In my view, what is taking place since September 11, 2001 is neither a war on terror nor a clash of civilizations. It is, rather, a war against militant Islam.
"War on terror" makes no sense. One cannot declare war on a tactic. It is akin to declaring "war on weapons of mass destruction" or "war on the AirLand battle." It's as though, after Pearl Harbor, the United States declared war on surprise attacks. This is a euphemism that has the unfortunate effect of confusing matters: if terror is the enemy, why is there no mention of such major terrorist problems as the Tamil Tigers in Sri Lanka or the Shining Path in Peru? And only one out of the "axis of evil" trio (Iran, not Iraq or North Korea) pose a problem having primarily to do with terrorism.

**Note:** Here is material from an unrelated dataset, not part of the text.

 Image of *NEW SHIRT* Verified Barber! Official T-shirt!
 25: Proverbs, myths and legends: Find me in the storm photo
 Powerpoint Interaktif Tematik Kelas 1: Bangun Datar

Nor is this a clash of civilizations. Yes, Islamists seek a confrontation with the West, believing that their vision of Islam can achieve a global supremacy. Yet their violence against Westerners (and non-Muslims more generally) is complemented by an equally important Islamist enmity toward Muslims who disagree with their extremist outlook, as seen in the depredations of the Taliban regime in Afghanistan, as well as its counterparts in Bangladesh, Iran, and Sudan. This same pattern of targeting fellow Muslims is also apparent in countries where militant Islam has yet to take over (such as Algeria, Nigeria, Egypt, Lebanon, Turkey, and Indonesia). Militant Islam is an aggressive totalitarian ideology that hardly discriminates between those who disagree with it, Muslim or non-Muslim. The problem is not between civilizations but between different political views.

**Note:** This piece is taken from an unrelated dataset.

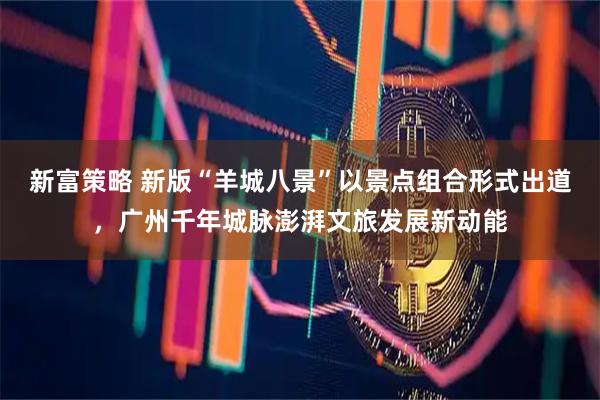 新富策略 新版“羊城八景”以景点组合形式出道，广州千年城脉澎湃文旅发展新动能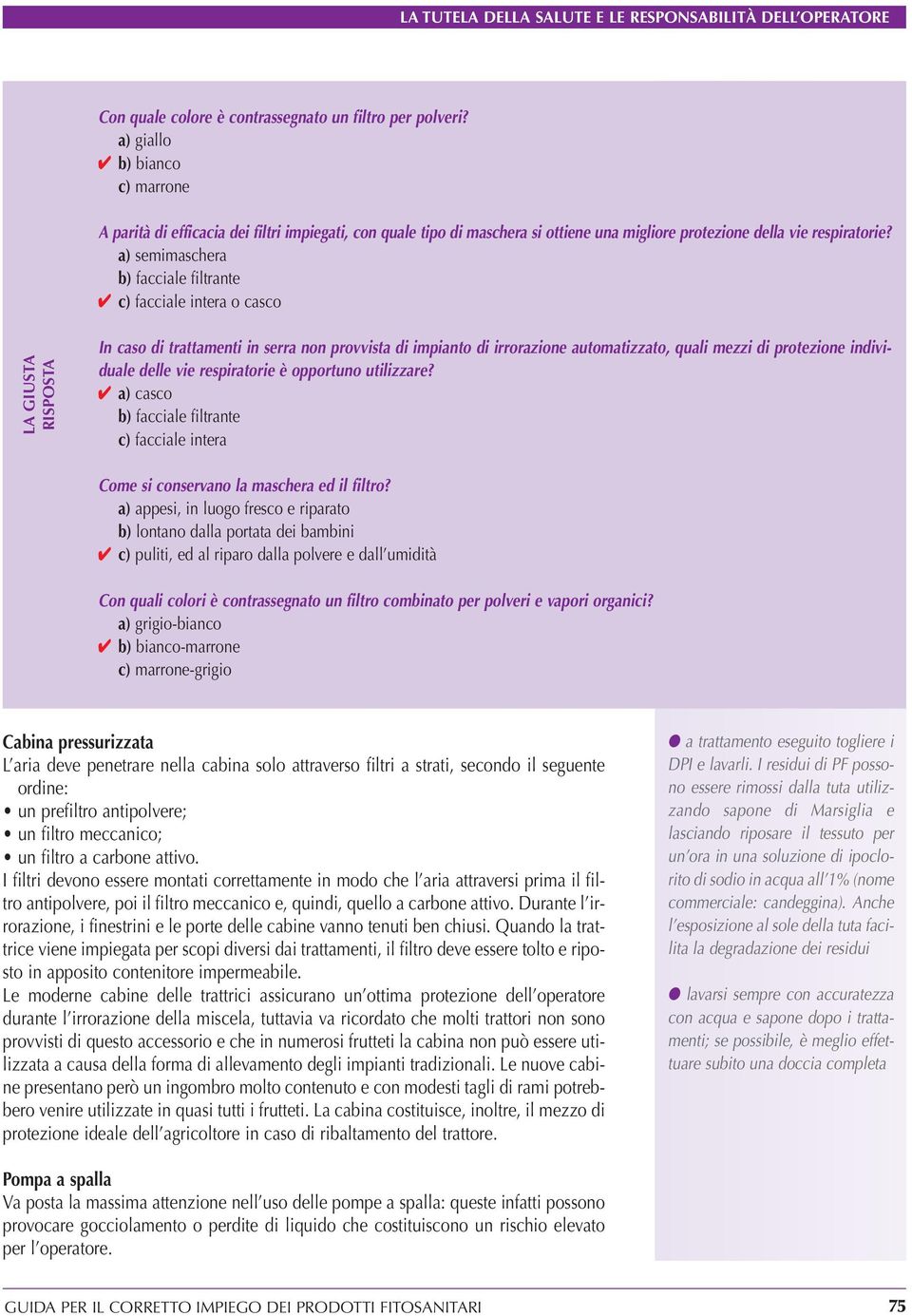 a) semimaschera b) facciale filtrante c) facciale intera o casco In caso di trattamenti in serra non provvista di impianto di irrorazione automatizzato, quali mezzi di protezione individuale delle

I propose seeing the war not against terrorism nor against Islam but against a terrorist reading of Islam. Militant Islam derives from Islam but is a horrible version of it – anti-human, anti-modern, anti-Christian, anti-Semitic, anti-Hindu, anti-women, as well as millenarian, jihadistic, and suicidal. It appeals to only a portion of Muslims (which I estimate at 10-15 percent of the whole). This implies that the war on militant Islam can and must draw heavily on Muslim participation. The key is to see the enemy not as a tactic nor a religion but as a radical utopian ideology. Like its earlier versions, the fascistic and the Marxist-Leninist, this one too will be defeated.